Как уходил незнакомец, я не услышала, но почему-то остро почувствовала, что мы с Миком остались наедине. Мы, и лежащие передо мной мёртвые цветы.
— А я думала, что снимать их буду только через полтора месяца на Земле, — услышала я свой голос как будто со стороны.
— Ну, слава Богу! Уже начинаешь приходить в норму. Почему ты так думала? Говори!
— В инструкции всегда пишется, что снимают их только в парикмахерских салонах.
— Там, это если профессионально и безболезненно. А если в полевых условиях, то сгодится первый попавшийся доктор и обыкновенная перекись.
— А зачем это было нужно? — задала я самый важный для себя в этот момент вопрос.
— Ты ничего странного за собой не замечаешь? — он присел перед креслом на корточки и взял мои ладони в свои руки.
Я послушно прислушалась к себе. Руки, ноги, уши, хвост — всё вроде на месте. Вот только мысли ворочаются тяжело и неохотно.
— Я очень глупая. Да?
— Да. Но это скоро пройдёт. Только надо всё время о чём-нибудь разговаривать. Вспоминать. Вот хоть расскажи, в какие игры ты в детстве играла.

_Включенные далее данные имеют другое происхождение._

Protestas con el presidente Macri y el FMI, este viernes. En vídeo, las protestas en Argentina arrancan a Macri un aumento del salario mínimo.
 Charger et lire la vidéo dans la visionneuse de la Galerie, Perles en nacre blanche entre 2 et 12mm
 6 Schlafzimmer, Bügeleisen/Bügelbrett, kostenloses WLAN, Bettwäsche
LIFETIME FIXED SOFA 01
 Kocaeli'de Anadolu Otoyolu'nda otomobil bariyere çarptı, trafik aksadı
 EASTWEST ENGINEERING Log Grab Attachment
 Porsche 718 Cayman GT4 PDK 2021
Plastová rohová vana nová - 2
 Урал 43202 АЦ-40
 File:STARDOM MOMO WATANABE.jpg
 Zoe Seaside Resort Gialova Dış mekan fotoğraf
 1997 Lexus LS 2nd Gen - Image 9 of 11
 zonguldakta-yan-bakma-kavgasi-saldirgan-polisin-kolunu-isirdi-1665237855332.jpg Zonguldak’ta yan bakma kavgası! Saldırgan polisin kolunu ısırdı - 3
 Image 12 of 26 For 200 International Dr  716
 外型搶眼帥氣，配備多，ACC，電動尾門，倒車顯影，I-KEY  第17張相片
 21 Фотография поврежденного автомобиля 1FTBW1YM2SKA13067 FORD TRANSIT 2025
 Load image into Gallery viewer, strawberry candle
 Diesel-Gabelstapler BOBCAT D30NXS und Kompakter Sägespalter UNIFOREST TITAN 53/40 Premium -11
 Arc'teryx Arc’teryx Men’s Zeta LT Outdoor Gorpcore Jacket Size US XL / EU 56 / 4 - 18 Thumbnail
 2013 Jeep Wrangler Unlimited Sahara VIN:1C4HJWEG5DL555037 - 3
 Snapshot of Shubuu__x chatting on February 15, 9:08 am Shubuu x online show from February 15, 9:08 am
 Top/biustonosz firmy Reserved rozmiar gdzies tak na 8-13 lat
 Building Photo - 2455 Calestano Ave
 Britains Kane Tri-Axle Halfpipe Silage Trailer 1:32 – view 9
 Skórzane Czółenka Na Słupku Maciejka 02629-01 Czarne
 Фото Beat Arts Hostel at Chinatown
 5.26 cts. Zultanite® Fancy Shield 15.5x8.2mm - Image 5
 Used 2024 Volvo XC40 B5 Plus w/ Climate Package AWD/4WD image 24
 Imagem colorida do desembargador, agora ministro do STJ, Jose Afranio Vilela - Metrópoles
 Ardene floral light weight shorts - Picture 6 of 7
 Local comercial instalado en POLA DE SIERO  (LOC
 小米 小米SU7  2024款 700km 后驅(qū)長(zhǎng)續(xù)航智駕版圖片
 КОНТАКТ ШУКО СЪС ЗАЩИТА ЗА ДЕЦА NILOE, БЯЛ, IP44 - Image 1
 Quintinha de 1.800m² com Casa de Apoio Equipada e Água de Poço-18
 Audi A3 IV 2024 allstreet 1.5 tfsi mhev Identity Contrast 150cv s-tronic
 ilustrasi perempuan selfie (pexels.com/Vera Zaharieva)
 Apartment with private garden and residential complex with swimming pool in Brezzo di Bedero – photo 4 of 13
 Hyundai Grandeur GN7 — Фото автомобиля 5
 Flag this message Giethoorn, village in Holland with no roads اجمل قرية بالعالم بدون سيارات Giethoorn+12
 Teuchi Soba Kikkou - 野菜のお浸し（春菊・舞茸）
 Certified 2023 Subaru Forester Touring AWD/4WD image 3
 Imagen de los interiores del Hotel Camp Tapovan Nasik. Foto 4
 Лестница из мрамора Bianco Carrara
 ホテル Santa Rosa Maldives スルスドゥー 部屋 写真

Я послушно начала перечислять все свои детские игры, попутно вспоминая и любимые игрушки. Время от времени отвечала на наводящие вопросы, не позволявшие мне остановиться и замолчать. Пелена спокойствия и безразличия, окутывавшая моё сознание становилась всё тоньше и тоньше, пока не исчезла совсем.
— Так, подожди, я ничего не понимаю. Почему мы сидим здесь и разговариваем о всяких глупостях? И что со мной было? Что вообще происходит? — начинала я почти спокойно, но под конец в моём голосе начала проскальзывать откровенная паника.
— На последний вопрос я, пожалуй не отвечу, а что касается всего остального… расскажу, если ты мне поможешь и ещё кое-что вспомнишь, — Мика по-прежнему сидел на корточках, глядя на меня снизу вверх. На его симпатичной смуглой физиономии было нарисовано неподдельное сочувствие. (И как только за это время ноги не затекли? Ну вот, опять посторонние мысли в голову полезли!)
— Спрашивай, — я решительно кивнула.
— Откуда к тебе попали эти цветы?
— Пришли по почте.
— От кого?
— Я подозревала, что от тебя.
— То есть как это? У тебя были причины так думать?
— В последнее время мне приходят по почте то открытки, то мелкие сувениры. И началось это как раз в то время, как мы начали встречаться.
— Нет, я ничего не посылал, — он только теперь выпустил мои руки, и уселся на задницу, прямо на пол, удобно скрестив ноги.
— Это ты к тому, что в моём временном отупении виноваты эти цветочки? — я с неприязнью на них покосилась, свернувшиеся крупными кольцами стебли теперь напомнили мне затаившихся змей.